Exact reproduction is required for the lines below starting at the line with "بیت کوین پس" and ending at the line with "Gebraucht Audi TT", both included. No other lines, and no pictures.

RECORDS FOR THIS EXERCISE:
____

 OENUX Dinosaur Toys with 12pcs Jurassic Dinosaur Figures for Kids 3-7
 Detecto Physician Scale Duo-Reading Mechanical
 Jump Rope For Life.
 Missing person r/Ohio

____

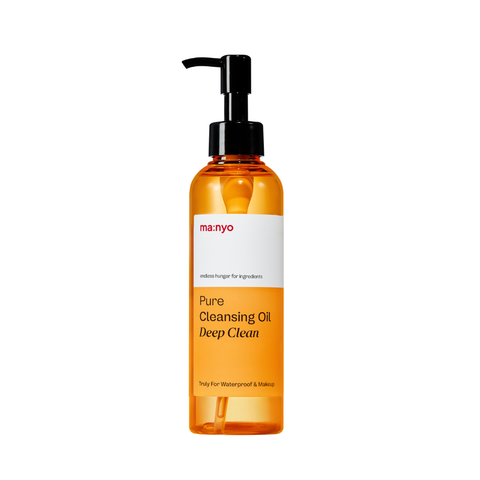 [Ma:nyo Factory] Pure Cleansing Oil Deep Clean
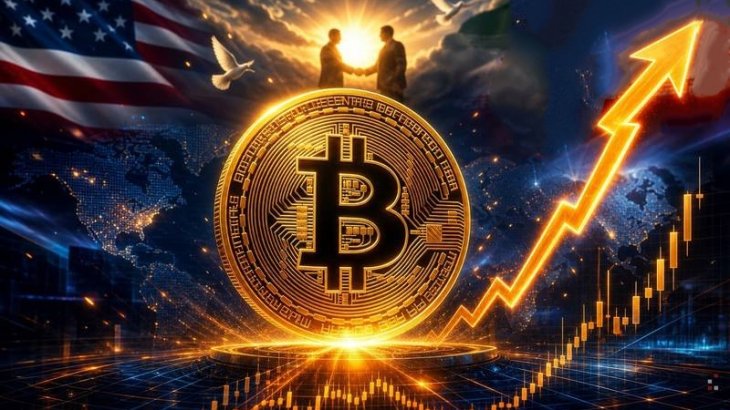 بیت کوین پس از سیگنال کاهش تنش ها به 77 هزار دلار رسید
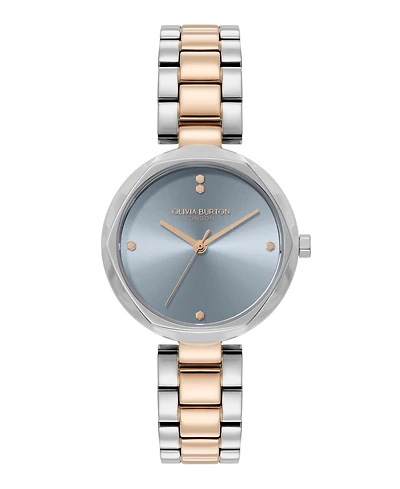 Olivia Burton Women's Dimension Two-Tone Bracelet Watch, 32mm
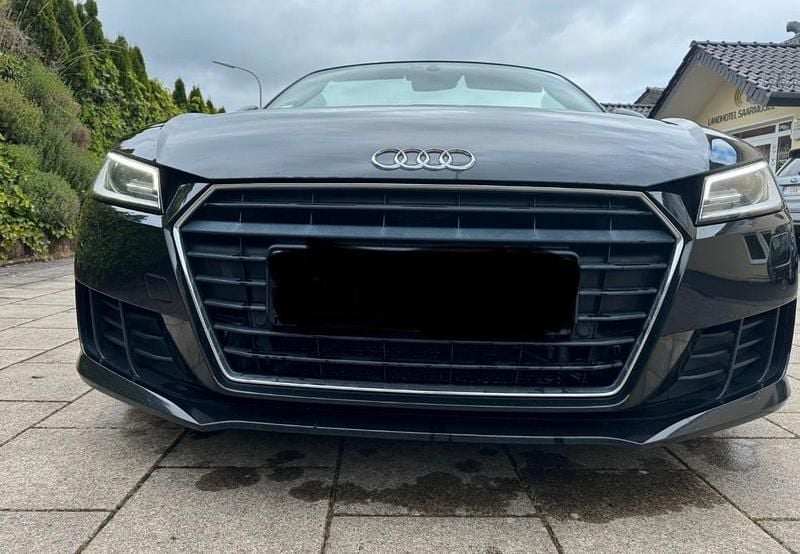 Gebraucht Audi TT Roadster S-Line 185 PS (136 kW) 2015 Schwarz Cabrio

____

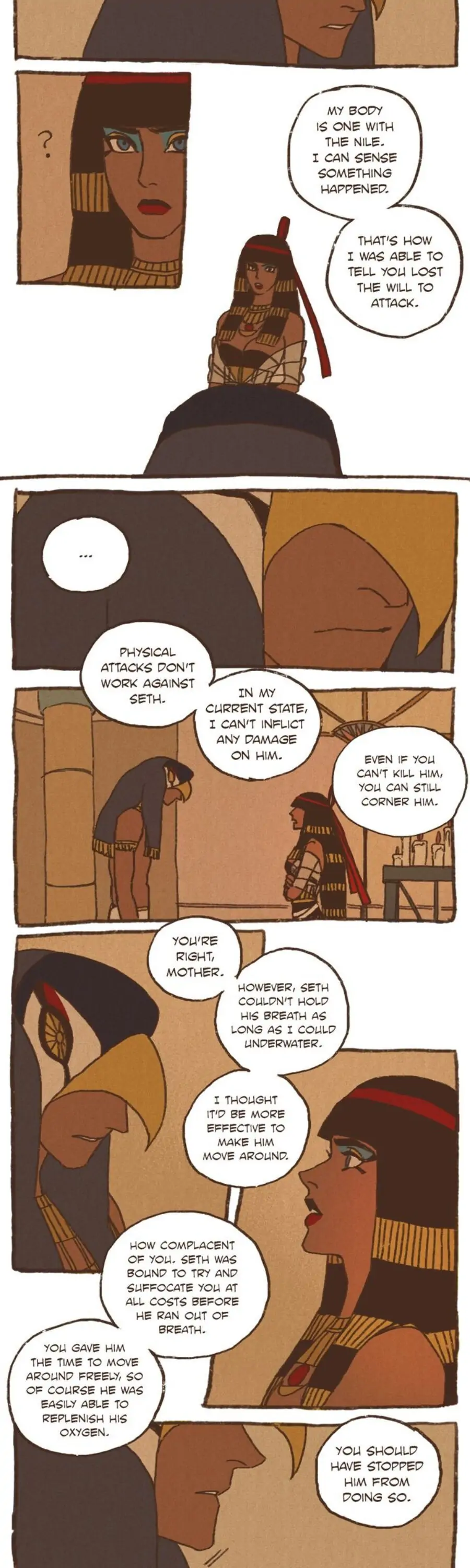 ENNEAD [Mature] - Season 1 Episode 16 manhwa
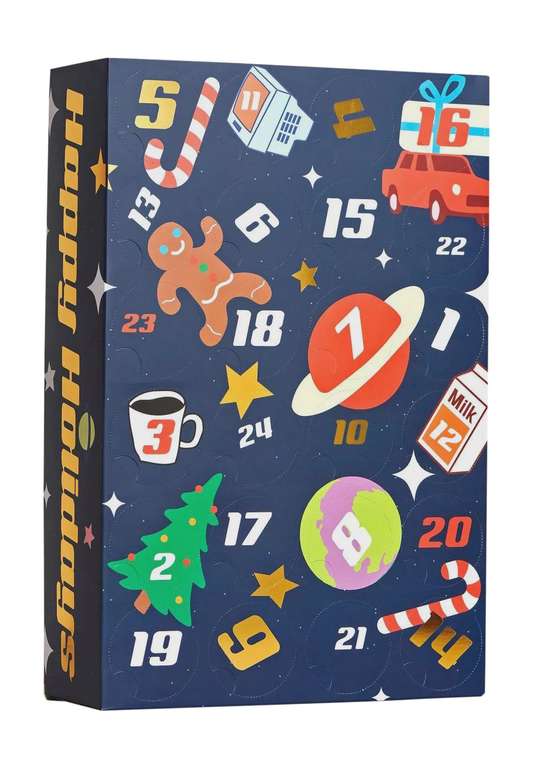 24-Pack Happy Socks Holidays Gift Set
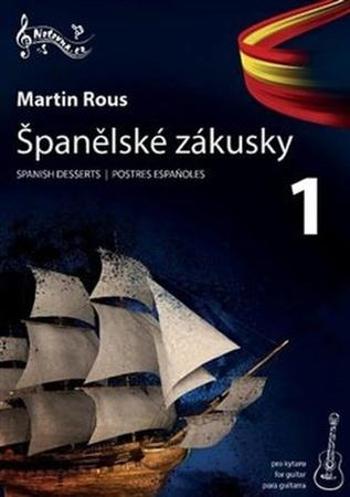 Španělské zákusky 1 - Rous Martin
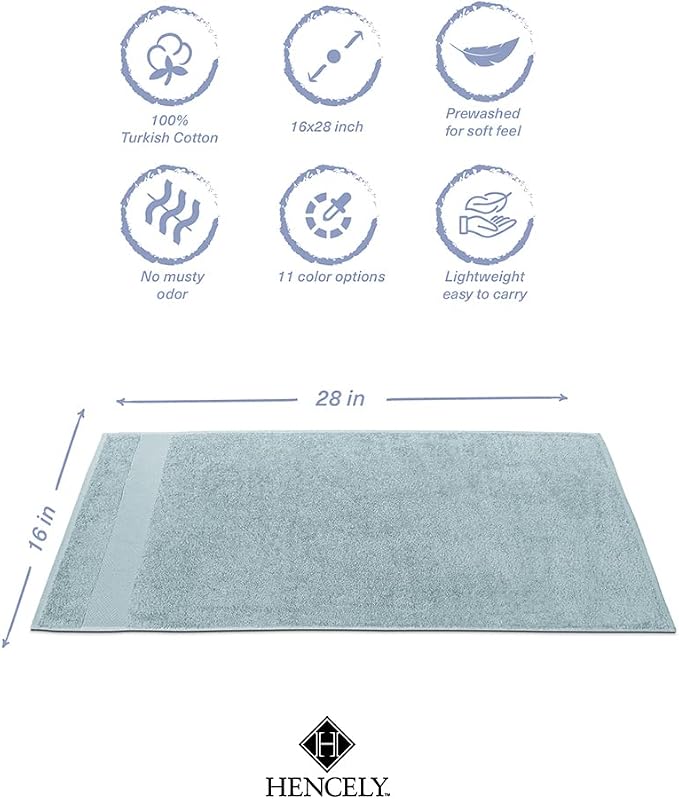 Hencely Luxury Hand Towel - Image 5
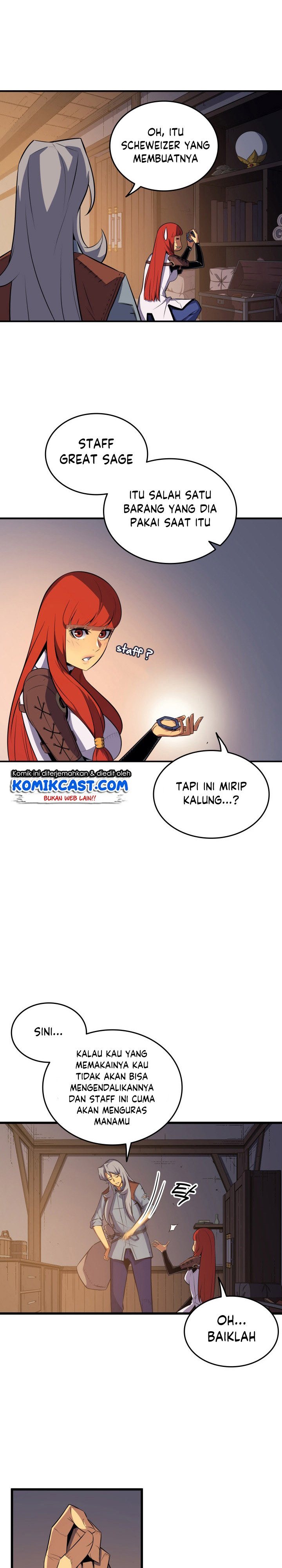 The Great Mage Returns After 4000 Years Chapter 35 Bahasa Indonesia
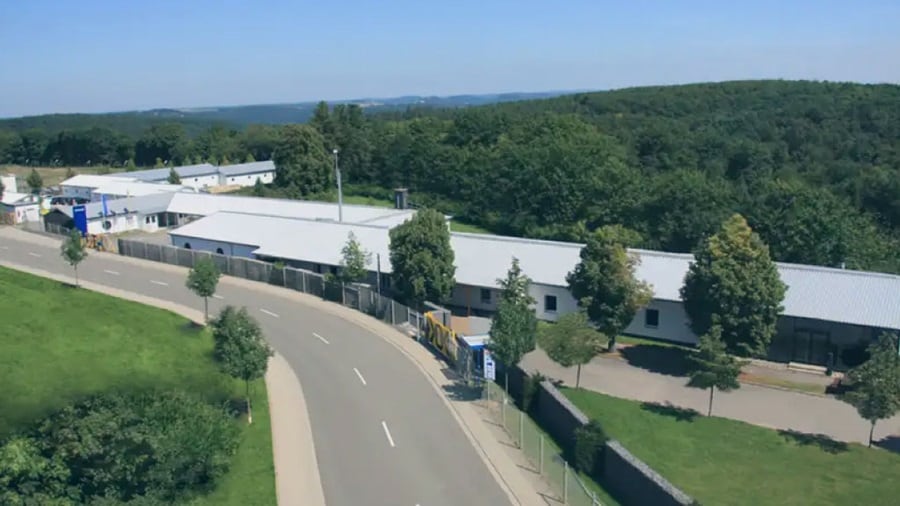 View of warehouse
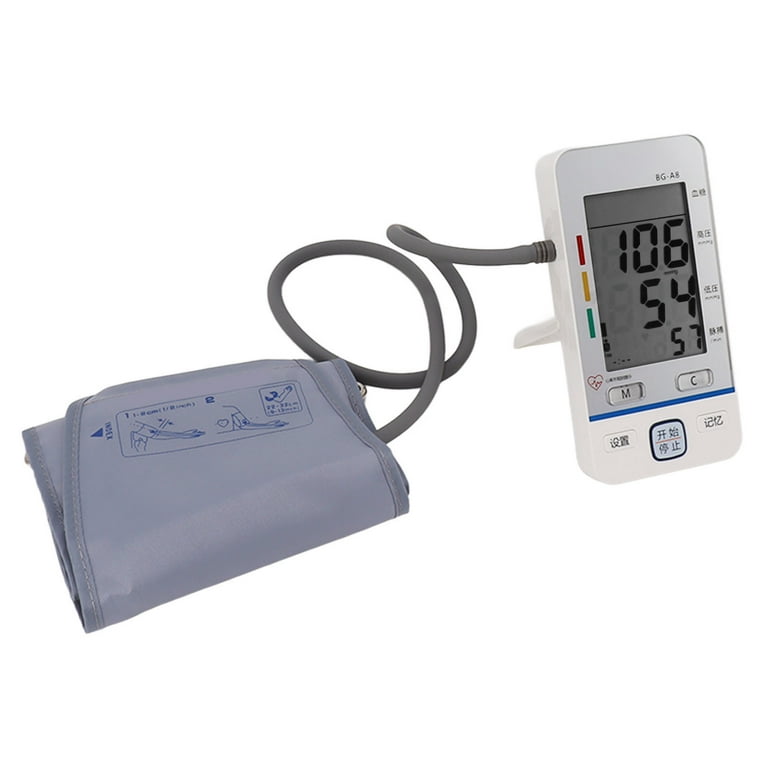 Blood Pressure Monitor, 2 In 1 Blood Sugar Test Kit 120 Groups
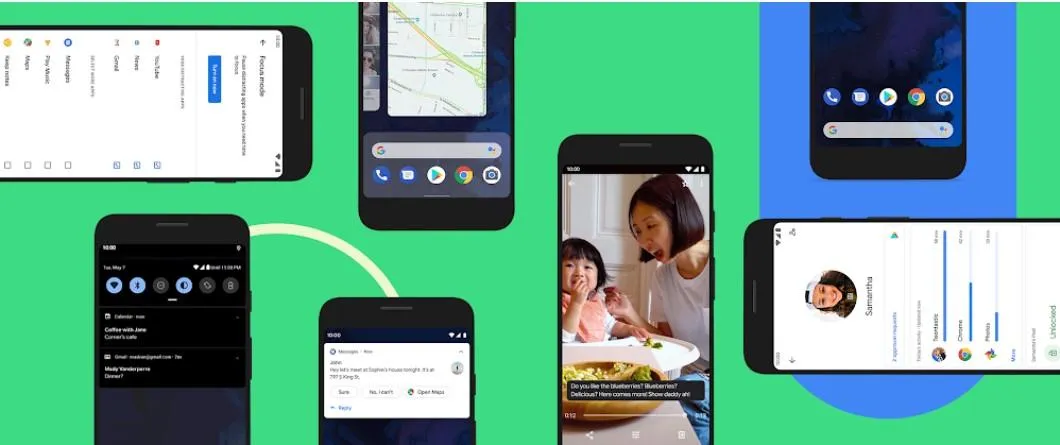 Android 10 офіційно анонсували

____

THE ANSWER:
 بیت کوین پس از سیگنال کاهش تنش ها به 77 هزار دلار رسید
 Olivia Burton Women's Dimension Two-Tone Bracelet Watch, 32mm
 Gebraucht Audi TT Roadster S-Line 185 PS (136 kW) 2015 Schwarz Cabrio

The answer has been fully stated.